= Willi Ziegler =

German paleontologist

Willi Ziegler (born 13 March 1929 in the neighborhood of Villingen in Hungen, Hessen; died 8 August 2002) was a German paleontologist.

== Works ==
In 1969, he described the conodont genus Protognathodus.

In 1984, with Charles A. Sandberg, he described the conodont genus Alternognathus.

In 2002, with IA Bardashev and K Weddige, he described the conodont genus Eolinguipolygnathus.
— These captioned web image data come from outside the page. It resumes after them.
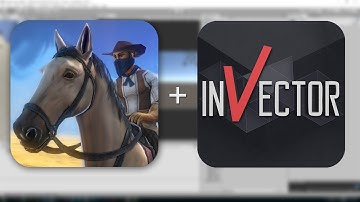 Compatibility between Horse Animset Pro && Invector 3rd Person Controller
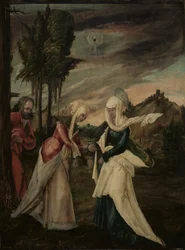 The Visitation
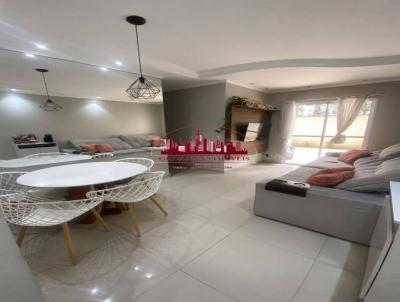 Apartamento para Venda, em S�o Paulo, bairro Vila Mendes, 3 dormit�rios, 2 banheiros, 1 su�te, 1 vaga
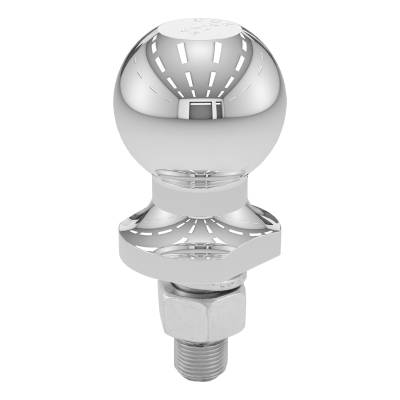 CURT - CURT 40098 ATV/Lawn Tractor Hitch Ball - Image 2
=== Ziegler's Catalogue of Conodonts ===
- Ziegler's Catalogue of Conodonts. Schweizerbart Science Publishers (link to editor website, retrieved 7 May 2016)
  - Volume I, 1973
  - Volume II, 1975
  - Volume III, 1977
  - Volume IV, 1981
  - Volume V, 1991

== Awards and tributes ==
In 1998, he received the Goethe-Plakette des Landes Hessen, the highest award by the Hessian Ministry for Science and the Arts in Hesse, Germany.

He was also a recipient of the Pander Medal, awarded by the Pander Society, for researches in conodonts paleontology.

The conodont genus name Zieglerodina and the conodont species name Lochriea ziegleri are tributes to W. Ziegler.